The pre-intervention average score (SD) for the MAS subgroup (eight studies and 157 participants) was 2.93 (0.78), and the post-intervention average MAS score (SD) was 1.82 (0.74), showing a 37.95% reduction. The pre-intervention average score (SD) for the Ashworth Scale subgroup (eleven studies and 186 participants) was 3.41 (0.79), and the post-intervention average Ashworth Scale (SD) was 1.98 (0.71), showing a 41.90% reduction. The SMD for the MAS subgroup was − 1.7845 (95% CI [-2.8704; -0.6986], I2 = 85.9%), and the SMD for the Ashworth Scale subgroup was − 1.4837 (95% CI [-1.8585; -1.1088], I2 = 19.2%) (Fig. 4). The test for subgroup differences revealed no significant differences between the MAS and Ashworth Scale groups (p-value = 0.5385). It is important to highlight that, generally, the implantation of an ITB pump was primarily reserved for patients exhibiting Ashworth scores of 4 or 5. As a result, the range of pre-ITB scores was relatively narrow. Therefore, the low standard deviation influences the magnitude of the effect and the weight of the studies in meta-analysis.

Fig. 4
figure 4

Forest plot for severity of spasticity and motor function sections; Pre-ITB (SD) refers to the mean score and standard deviation prior to ITB implantation, whereas post-ITB (SD) refers to mean scores after implantation. N. represents the number of participants in the research

A multiple meta-regression was used to identify potential influencing factors and sources of heterogeneity between studies. The meta-regression analysis revealed no statistically significant relationship between the participants’ mean age, baclofen dosage, time of measurement, and effect size (Table 2).

Table 2 Multiple meta-regression results

Generally speaking, given the dose adjustment procedure, the baclofen dose can vary significantly in the first few months following ITB implantation. Of the studies we have included in this section, Wiens et al. [25] reported a follow-up period of three months, while Tassëel Ponche et al. [26] did not report on the follow-up period or the time after ITB implantations that data were collected about patients. In order to investigate the significance of the dose adjustment period, we divided the studies into short-term and long-term subgroups after excluding the Tassëel Ponche et al. study. The short-term subgroup involved only the Wiens et al. study, which had a follow-up time of less than six months. The SMD for the long-term subgroup was − 1.6124 (95% CI [-2.0872; -1.1376], I2 = 65.9%), and the SMD for the short-term subgroup was − 1.1776 (95% CI [-1.9288; -0.4264]) (Fig. 5). The test for subgroup differences found no statistically significant differences between the short-term and long-term subgroups (p-value = 0.3273), indicating that follow-up time had little impact on our study’s findings. It is worth noting that the combined SMD of long-term studies and all studies combined is very similar (-1.6124 vs. 1.7000).

Fig. 5
figure 5

Forest plot for severity of spasticity studies subgrouped into short-term and long-term follow-up studies; Pre-ITB (SD) refers to the mean score and standard deviation prior to ITB implantation, whereas post-ITB (SD) refers to mean scores after implantation. No. Represents the number of participants in the research

Motor function

GMFM scores were reported in six studies. The findings from all six studies indicated that participants exhibited elevated levels of motor function following the implementation of ITB treatment. When the pre- and post-ITB treatments were compared, it was shown that there was a small but statistically significant mean difference in motor function scores. The pre-intervention average GMFM (SD) was 40.03 (26.01), and the post-intervention average GMFM score (SD) was 43.88 (26.18), showing a 9.62% increase. ITB pump implantation was linked to statistically higher levels of GMFM, with an SMD of 0.1503 (95% CI [0.0784; 0.2223], p-value = 0.0030, Fig. 4). There was no statistically significant heterogeneity between studies (I2 = 0.0%, p-value = 0.4793). The weighted average final baclofen dose for the five studies that have reported it was 203 µg/day.

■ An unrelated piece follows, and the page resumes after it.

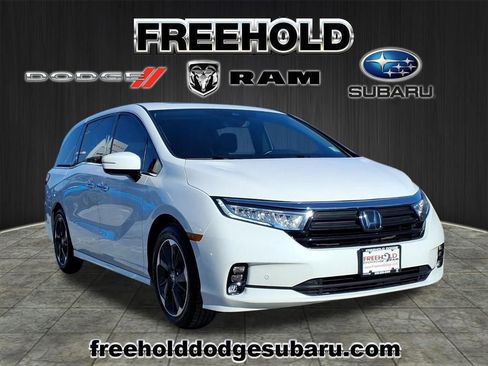 Used 2024 Honda Odyssey Elite image 1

To identify potential influencing factors and sources of heterogeneity between studies, a multiple meta-regression was used. The meta-regression analysis revealed that there was no statistically significant relationship between the participants’ mean age, baclofen dosage, measurement time, and effect size (Table 2).

Safety and complications

A total of 501 participants (some did not have CP) were evaluated for complications in the included studies from both the spasticity severity and motor function sections. Among the adverse events reported in the studies, 75 were catheter or pump complications, and 203 were medical complications. Seizure-related complications were of significant concern among the reported adverse events. A total of 6 instances of new-onset seizures (2.96% of medical complications) were reported among the entire patient population, resulting in an event incidence per-person rate of 0.012 (6/501). Additionally, there were seven instances of increased seizure frequency (3.45% of medical complications) reported, resulting in an event incidence per person rate of 0.014 (7/501). Infection, primarily originating from wounds, as well as meningitis, both of which are serious conditions for patients with CP, were observed in 33 (16.26% of medical complications) and 8 (3.94% of medical complications) instances, respectively, with per-person incidences of 0.066 (33/501) and 0.016 (8/501). Cerebrospinal fluid leaks are another serious complication of ITB implementation, which were reported in 16 cases (7.88% of medical complications), accounting for a per-person incidence of 0.032 (16/501). In our analysis, catheter and pump complications, specifically dislocations, malfunctions, and disconnections, were identified as the most common complications. These complications were observed in 75 events, resulting in a 0.15 (75/501) per-person incidence rate. Supplementary Table 2 summarizes the complications observed in the included studies.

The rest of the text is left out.